An Improved Approximation for Maximum Weighted $k$-Set Packing

We consider the weighted $k$-set packing problem, in which we are given a collection of weighted sets, each with at most $k$ elements and must return a collection of pairwise disjoint sets with maximum total weight. For $k = 3$, this problem generalizes the classical 3-dimensional matching problem listed as one of the Karp's original 21 NP-complete problems. We give an algorithm attaining an approximation factor of $1.786$ for weighted 3-set packing, improving on the recent best result of $2-\frac{1}{63,700,992}$ due to Neuwohner. Our algorithm is based on the local search procedure of Berman that attempts to improve the sum of squared weights rather than the problem's objective.
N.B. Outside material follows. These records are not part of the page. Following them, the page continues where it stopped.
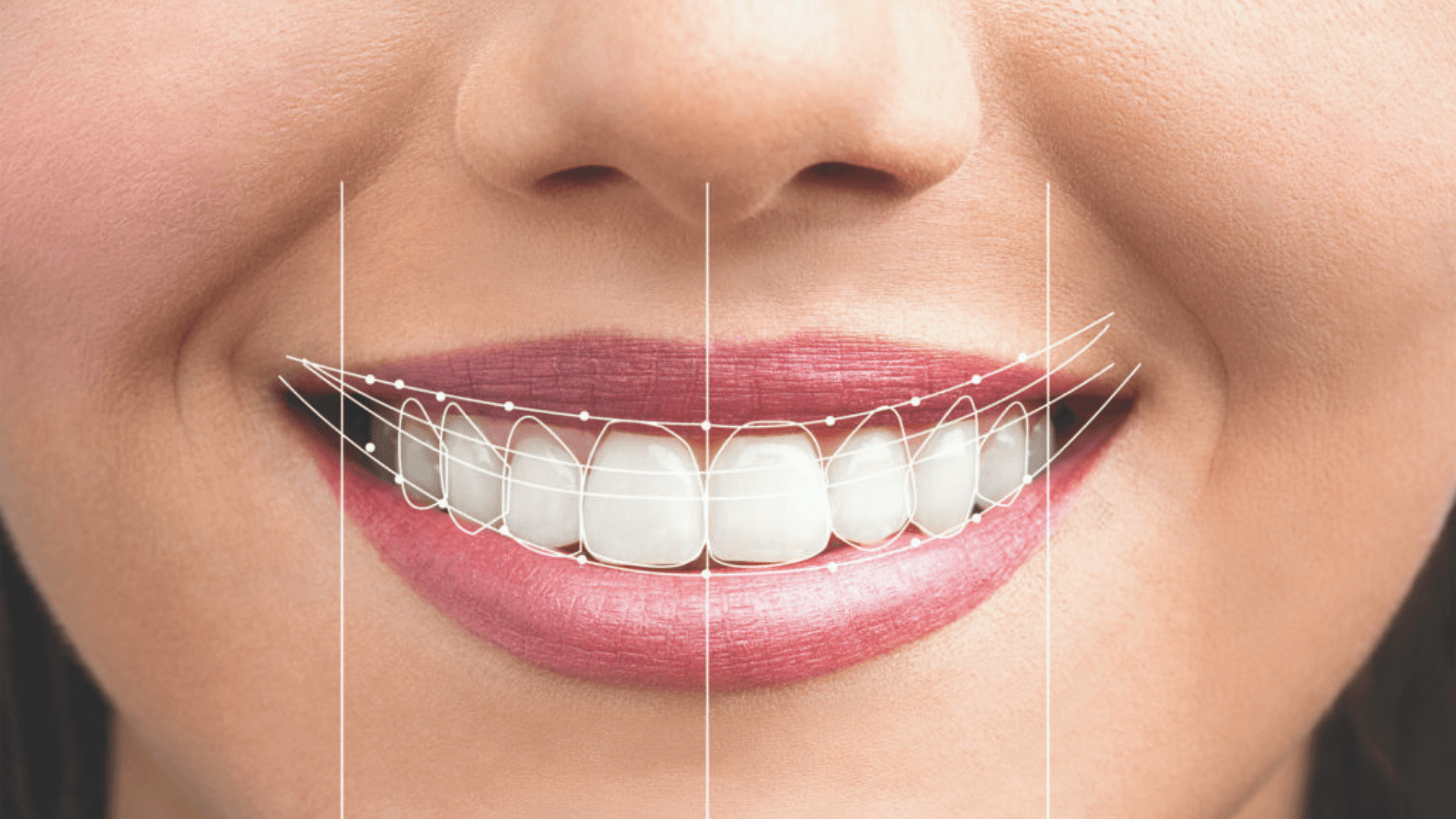 Stop Hiding Your Mouth: How to Have a Beautiful Smile at Any Age
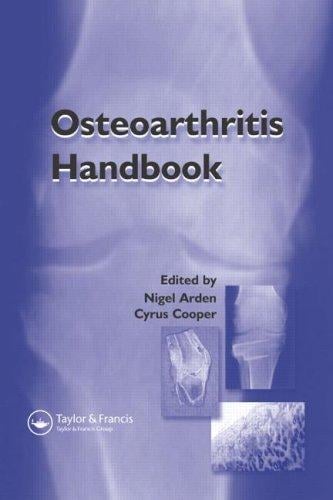 OSTEOARTHRITIS HANDBOOK; ED. BY NIGEL ARDEN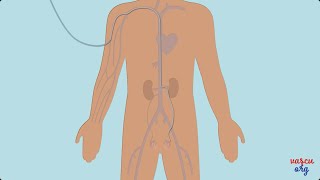 Traitement Des Varicocèles Par Embolisation - Chirurgie Vasculaire Mini-Invasive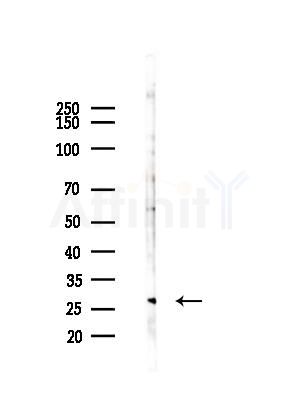 PHD3 Antibody - Western blot analysis of lysates from Hela cells(starvation, 24h treatment), using PHD3 Antibody at 1/1000 dilution.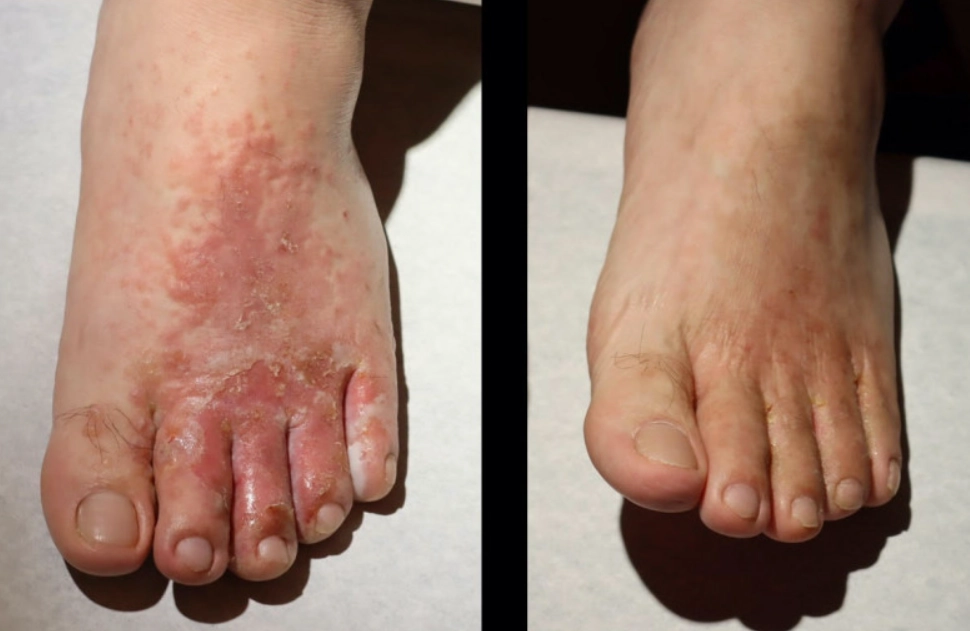 漂白水 香港腳 漂白水 香港腳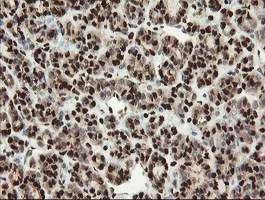 Immunohistochemistry (Formalin/PFA-fixed paraffin-embedded sections) - Anti-SAMHD1 antibody [OTI1A1] (AB128107)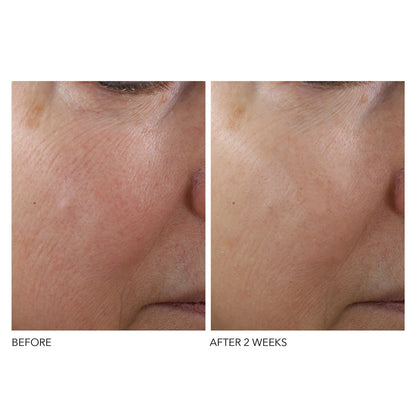 Dr Dennis Gross Advanced Retinol + Ferulic Overnight Texture Renewal Peel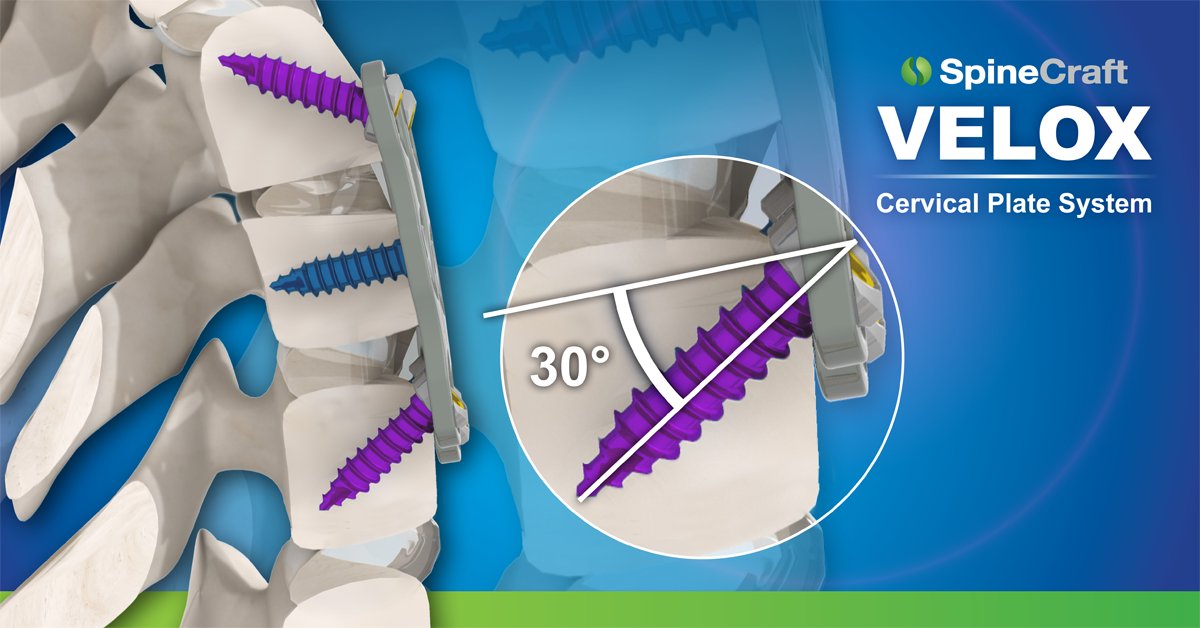SpineCraft VELOX AC Plate System. Maximize your fixation with screw angulation up to 30 degrees. Contact SpineCraft for more information: spinecraft.com/contact-us.html #spinesurgeon #spinesurgery #spinesurgeons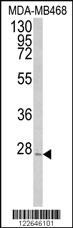 Anti-OSM Rabbit Polyclonal Antibody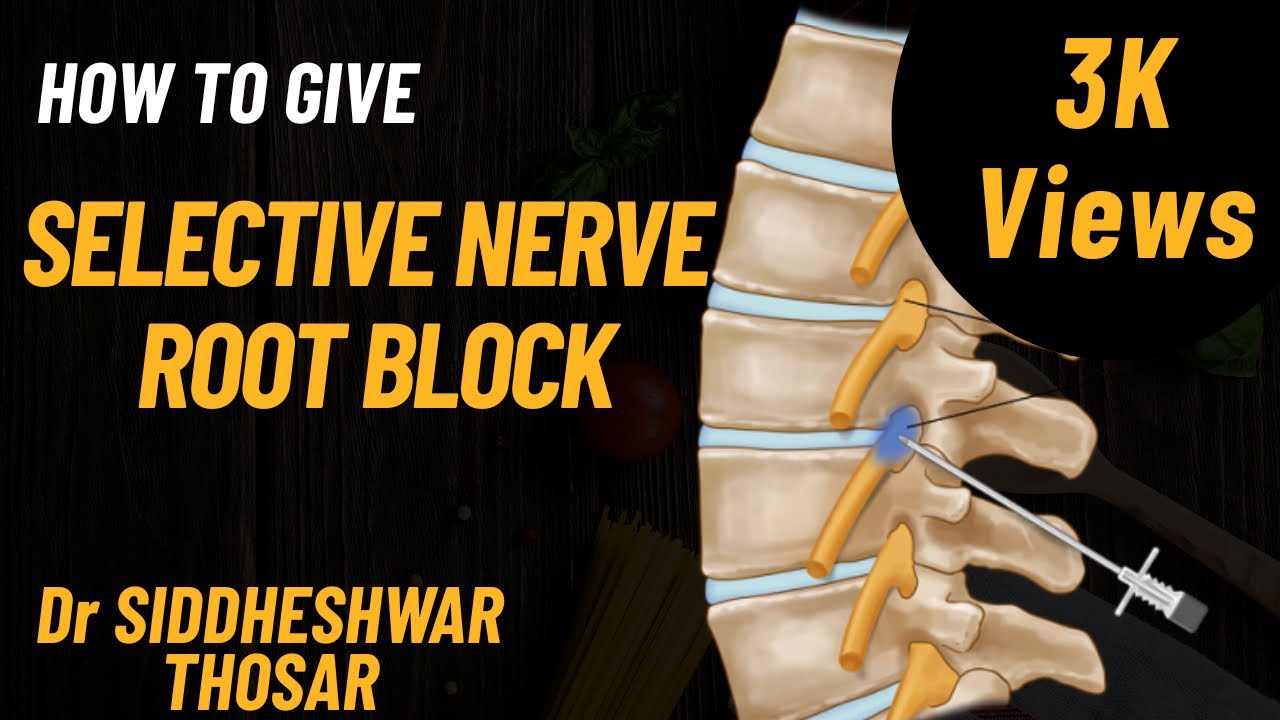 Selective Nerve Block Injection In detail technique of giving selective nerve root block ...
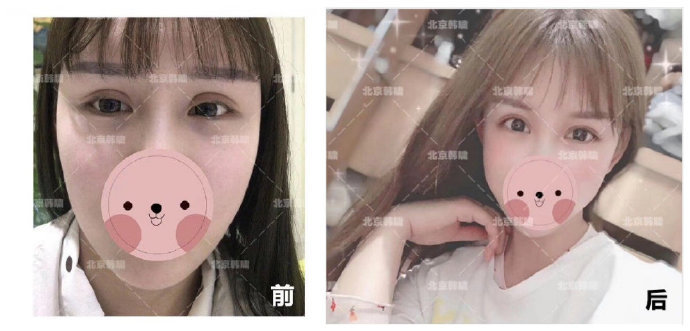 白永輝眼修復案例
When using exchanges of size at most $k$, this algorithm attains an approximation factor of $\frac{k+1}{2}$. Using exchanges of size $k^2(k-1) + k$, we provide a relatively simple analysis to obtain an approximation factor of 1.811 when $k = 3$. We then show that the tools we develop can be adapted to larger exchanges of size $2k^2(k-1) + k$ to give an approximation factor of 1.786. Although our primary focus is on the case $k = 3$, our approach in fact gives slightly stronger improvements on the factor $\frac{k+1}{2}$ for all $k > 3$. As in previous works, our guarantees hold also for the more general problem of finding a maximum weight independent set in a $(k+1)$-claw free graph.